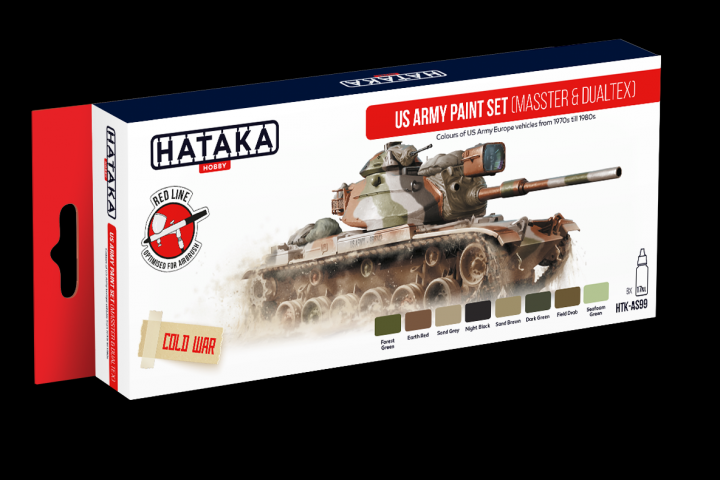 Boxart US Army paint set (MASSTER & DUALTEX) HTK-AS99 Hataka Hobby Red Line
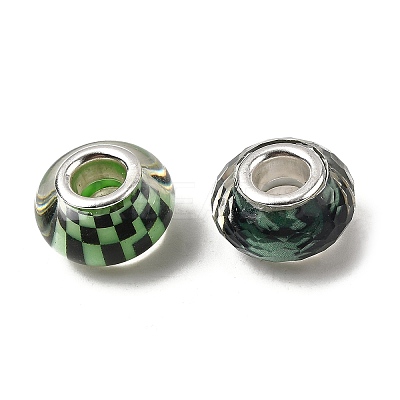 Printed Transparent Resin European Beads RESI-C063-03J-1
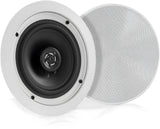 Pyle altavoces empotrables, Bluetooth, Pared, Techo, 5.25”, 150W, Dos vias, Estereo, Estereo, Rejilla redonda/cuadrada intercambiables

·····

• What you need to do
With the pictures left out, return all the material above exactly.

• Response area
 Boxart US Army paint set (MASSTER & DUALTEX) HTK-AS99 Hataka Hobby Red Line
 Printed Transparent Resin European Beads RESI-C063-03J-1
 Pyle altavoces empotrables, Bluetooth, Pared, Techo, 5.25”, 150W, Dos vias, Estereo, Estereo, Rejilla redonda/cuadrada intercambiables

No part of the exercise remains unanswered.